## HOW TO COMPLETE THIS TASK
Leaving out the images, please reproduce each line below exactly.

## DATASET SECTION
○ ○ ○
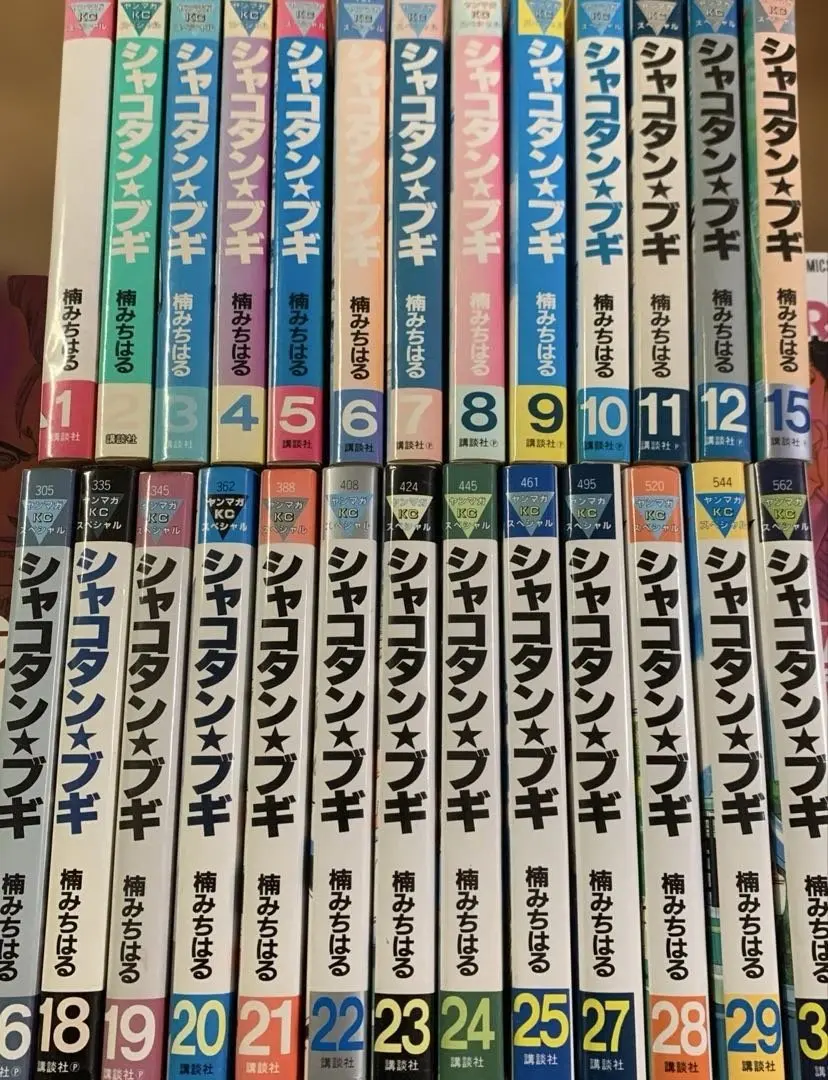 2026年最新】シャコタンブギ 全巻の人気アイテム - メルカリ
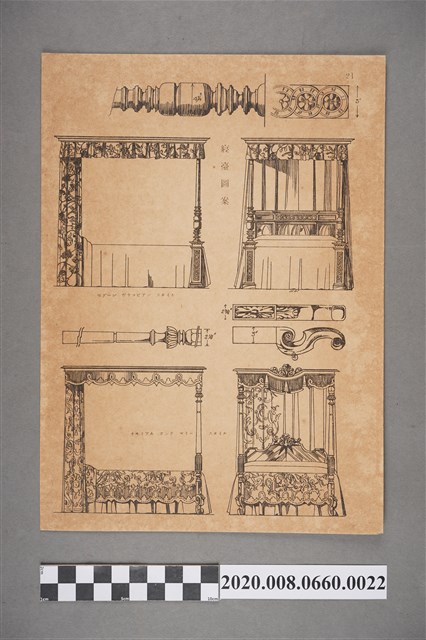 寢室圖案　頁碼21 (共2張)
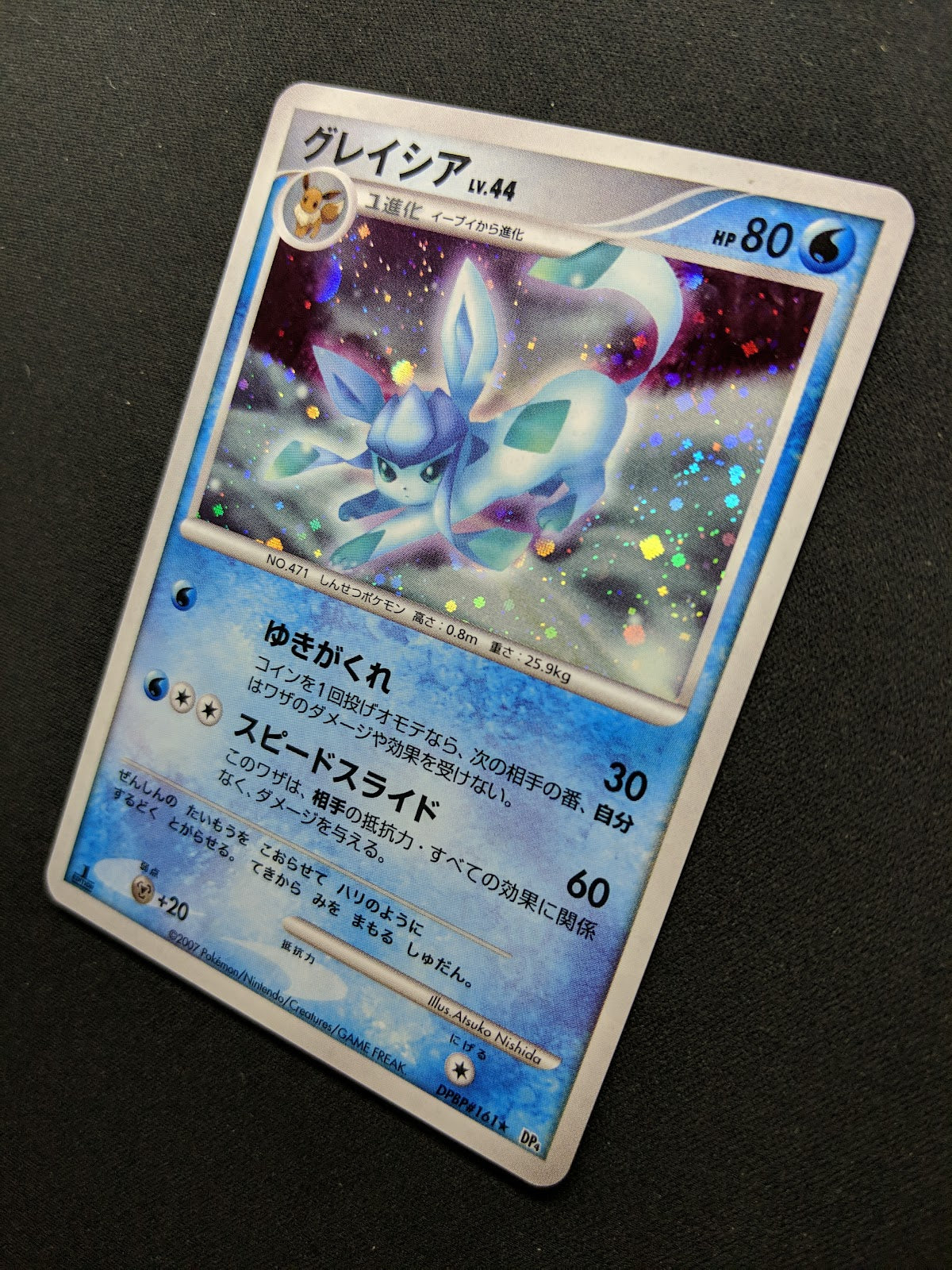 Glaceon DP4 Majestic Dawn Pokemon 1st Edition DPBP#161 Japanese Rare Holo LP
○ ○ ○
## TASK RESULT
 2026年最新】シャコタンブギ 全巻の人気アイテム - メルカリ
 寢室圖案　頁碼21 (共2張)
 Glaceon DP4 Majestic Dawn Pokemon 1st Edition DPBP#161 Japanese Rare Holo LP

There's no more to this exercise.